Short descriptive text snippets
+++++

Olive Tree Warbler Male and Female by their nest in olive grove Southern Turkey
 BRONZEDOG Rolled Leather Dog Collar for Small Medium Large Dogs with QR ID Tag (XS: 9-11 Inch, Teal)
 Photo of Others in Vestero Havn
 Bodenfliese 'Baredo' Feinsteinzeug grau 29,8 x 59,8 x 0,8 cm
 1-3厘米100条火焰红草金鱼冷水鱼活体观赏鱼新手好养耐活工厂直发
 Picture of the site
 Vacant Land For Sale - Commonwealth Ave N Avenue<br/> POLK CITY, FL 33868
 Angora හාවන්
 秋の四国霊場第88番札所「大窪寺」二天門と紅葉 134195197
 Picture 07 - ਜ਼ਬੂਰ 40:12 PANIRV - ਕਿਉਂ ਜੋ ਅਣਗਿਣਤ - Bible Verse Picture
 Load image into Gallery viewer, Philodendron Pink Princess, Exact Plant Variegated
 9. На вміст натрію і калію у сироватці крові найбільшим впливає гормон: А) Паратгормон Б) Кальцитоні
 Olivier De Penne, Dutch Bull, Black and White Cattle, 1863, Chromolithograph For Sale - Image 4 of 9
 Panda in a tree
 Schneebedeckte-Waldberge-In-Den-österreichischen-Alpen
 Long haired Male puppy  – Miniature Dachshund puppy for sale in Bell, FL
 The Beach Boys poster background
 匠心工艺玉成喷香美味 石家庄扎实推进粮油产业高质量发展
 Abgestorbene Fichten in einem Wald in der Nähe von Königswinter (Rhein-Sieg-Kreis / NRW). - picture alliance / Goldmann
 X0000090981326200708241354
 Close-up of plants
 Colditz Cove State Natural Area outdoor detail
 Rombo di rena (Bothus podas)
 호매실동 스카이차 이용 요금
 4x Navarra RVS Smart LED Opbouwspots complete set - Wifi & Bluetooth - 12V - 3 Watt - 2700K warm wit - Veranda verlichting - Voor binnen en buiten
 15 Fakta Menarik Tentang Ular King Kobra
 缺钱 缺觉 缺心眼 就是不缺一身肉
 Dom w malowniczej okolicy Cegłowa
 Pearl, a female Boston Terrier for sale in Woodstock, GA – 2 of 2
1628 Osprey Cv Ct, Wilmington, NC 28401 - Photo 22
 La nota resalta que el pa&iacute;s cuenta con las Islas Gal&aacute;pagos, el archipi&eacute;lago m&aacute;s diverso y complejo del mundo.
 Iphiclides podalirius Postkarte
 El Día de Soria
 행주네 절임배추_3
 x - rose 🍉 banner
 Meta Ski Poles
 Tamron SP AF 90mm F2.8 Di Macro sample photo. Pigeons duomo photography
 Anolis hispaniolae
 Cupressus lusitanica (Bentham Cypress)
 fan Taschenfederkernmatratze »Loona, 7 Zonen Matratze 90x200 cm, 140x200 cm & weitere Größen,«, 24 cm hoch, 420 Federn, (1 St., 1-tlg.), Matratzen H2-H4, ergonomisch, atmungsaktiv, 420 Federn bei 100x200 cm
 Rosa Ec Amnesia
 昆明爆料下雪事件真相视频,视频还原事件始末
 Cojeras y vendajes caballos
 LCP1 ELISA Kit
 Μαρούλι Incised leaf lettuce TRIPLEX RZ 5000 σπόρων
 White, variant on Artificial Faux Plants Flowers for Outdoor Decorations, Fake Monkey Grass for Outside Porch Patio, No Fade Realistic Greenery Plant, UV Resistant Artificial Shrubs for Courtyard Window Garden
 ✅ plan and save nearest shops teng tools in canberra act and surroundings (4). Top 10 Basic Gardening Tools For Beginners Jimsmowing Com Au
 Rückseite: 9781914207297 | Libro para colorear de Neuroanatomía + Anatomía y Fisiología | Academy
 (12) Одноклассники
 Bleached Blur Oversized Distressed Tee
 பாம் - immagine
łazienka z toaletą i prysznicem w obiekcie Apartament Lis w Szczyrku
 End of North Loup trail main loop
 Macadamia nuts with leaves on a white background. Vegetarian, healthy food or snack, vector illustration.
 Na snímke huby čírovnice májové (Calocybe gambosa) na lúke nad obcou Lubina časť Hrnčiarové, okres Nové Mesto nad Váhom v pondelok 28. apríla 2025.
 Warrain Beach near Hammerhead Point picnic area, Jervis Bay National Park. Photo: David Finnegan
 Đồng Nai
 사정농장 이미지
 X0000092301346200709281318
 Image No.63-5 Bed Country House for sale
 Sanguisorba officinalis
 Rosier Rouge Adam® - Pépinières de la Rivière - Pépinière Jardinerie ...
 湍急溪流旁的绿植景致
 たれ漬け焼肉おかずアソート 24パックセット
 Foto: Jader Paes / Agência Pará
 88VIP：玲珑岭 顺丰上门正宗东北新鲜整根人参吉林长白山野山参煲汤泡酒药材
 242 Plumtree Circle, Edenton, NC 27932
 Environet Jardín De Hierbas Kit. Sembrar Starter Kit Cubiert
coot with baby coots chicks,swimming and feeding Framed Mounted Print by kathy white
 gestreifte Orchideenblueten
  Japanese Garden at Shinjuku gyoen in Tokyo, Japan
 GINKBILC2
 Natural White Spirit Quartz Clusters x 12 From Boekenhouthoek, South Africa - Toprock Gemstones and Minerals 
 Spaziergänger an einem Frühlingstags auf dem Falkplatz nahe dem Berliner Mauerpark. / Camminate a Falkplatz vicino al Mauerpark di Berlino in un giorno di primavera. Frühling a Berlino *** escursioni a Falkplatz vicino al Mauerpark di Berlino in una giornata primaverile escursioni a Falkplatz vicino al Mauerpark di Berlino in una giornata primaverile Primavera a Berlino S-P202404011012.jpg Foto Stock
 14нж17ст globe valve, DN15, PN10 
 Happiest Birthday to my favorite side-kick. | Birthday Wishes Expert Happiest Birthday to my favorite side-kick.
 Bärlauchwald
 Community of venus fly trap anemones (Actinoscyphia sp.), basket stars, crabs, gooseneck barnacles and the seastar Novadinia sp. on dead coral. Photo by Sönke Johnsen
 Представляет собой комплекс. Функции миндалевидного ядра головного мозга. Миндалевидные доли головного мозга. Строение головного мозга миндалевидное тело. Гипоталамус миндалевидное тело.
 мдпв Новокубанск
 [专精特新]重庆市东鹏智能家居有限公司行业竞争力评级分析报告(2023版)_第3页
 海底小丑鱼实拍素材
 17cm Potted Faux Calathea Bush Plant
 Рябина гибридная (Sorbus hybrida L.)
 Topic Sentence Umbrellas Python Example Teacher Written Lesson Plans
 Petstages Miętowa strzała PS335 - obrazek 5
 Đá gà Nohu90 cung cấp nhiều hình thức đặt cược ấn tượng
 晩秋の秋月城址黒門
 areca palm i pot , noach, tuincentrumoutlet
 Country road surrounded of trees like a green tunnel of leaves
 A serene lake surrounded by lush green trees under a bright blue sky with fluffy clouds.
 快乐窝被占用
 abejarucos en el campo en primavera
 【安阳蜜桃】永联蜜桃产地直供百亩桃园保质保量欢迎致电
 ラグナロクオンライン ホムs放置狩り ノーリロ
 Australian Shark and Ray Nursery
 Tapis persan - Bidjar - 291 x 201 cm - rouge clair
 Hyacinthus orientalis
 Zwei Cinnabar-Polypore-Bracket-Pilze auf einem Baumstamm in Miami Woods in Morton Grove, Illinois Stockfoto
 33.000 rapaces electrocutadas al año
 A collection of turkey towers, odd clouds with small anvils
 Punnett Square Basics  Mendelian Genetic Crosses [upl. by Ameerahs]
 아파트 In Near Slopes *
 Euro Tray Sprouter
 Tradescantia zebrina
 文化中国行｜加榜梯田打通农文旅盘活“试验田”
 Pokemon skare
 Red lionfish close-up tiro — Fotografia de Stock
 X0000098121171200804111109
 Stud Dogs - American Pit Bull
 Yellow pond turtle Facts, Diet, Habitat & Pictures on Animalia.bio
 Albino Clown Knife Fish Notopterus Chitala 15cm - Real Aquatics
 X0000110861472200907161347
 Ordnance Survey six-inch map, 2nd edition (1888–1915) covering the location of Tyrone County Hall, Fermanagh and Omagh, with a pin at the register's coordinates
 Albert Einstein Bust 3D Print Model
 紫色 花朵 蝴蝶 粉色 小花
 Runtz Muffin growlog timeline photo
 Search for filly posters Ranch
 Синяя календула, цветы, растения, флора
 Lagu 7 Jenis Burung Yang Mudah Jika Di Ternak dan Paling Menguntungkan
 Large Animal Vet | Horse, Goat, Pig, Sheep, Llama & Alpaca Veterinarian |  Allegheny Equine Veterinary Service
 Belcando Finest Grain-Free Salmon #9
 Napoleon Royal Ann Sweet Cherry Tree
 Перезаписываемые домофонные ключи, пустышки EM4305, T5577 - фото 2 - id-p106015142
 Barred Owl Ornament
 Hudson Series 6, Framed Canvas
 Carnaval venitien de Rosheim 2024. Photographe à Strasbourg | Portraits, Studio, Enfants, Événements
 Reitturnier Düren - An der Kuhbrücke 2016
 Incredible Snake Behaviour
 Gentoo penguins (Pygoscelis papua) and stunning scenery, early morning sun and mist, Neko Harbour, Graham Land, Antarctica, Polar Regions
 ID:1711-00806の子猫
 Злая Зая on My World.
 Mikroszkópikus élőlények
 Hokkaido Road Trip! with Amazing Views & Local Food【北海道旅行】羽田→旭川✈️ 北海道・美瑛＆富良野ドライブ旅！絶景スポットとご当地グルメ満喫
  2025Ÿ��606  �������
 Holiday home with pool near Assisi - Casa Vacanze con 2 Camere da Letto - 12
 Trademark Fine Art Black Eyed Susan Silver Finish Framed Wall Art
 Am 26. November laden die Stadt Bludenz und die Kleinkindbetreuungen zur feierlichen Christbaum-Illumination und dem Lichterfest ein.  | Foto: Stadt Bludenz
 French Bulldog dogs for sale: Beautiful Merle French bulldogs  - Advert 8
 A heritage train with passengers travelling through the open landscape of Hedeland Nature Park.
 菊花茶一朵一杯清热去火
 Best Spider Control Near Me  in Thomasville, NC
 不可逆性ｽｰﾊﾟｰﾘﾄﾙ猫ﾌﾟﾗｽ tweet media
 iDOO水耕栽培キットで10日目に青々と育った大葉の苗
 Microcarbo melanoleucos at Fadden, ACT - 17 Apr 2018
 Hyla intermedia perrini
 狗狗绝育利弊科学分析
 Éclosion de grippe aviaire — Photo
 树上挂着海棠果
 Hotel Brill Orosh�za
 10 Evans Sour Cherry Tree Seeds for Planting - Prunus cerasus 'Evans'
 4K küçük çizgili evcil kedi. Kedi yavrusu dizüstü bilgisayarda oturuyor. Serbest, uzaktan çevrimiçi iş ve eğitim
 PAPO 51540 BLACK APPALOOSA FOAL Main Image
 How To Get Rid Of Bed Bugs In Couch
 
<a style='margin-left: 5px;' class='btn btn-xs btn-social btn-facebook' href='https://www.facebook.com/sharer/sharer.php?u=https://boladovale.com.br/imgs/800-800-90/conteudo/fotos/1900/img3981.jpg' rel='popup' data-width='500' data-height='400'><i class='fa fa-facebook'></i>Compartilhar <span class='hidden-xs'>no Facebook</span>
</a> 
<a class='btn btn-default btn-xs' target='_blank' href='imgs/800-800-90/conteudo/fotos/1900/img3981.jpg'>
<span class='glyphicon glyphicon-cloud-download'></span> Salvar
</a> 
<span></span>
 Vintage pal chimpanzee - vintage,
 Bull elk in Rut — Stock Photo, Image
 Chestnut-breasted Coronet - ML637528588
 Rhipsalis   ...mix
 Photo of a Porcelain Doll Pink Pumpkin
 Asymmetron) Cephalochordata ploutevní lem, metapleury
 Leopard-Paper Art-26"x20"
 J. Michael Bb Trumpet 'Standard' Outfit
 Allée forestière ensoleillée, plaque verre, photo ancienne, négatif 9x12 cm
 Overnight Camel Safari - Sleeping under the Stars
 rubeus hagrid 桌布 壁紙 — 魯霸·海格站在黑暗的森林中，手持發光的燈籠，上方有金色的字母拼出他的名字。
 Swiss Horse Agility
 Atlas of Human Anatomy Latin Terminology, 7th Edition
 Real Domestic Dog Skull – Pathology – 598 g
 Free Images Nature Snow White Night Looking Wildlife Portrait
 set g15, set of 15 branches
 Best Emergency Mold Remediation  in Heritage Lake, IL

+++++

## Brief
Apply a filter for "Print" to the entries and show each line that passes.

## Written answer
coot with baby coots chicks,swimming and feeding Framed Mounted Print by kathy white
 Albert Einstein Bust 3D Print Model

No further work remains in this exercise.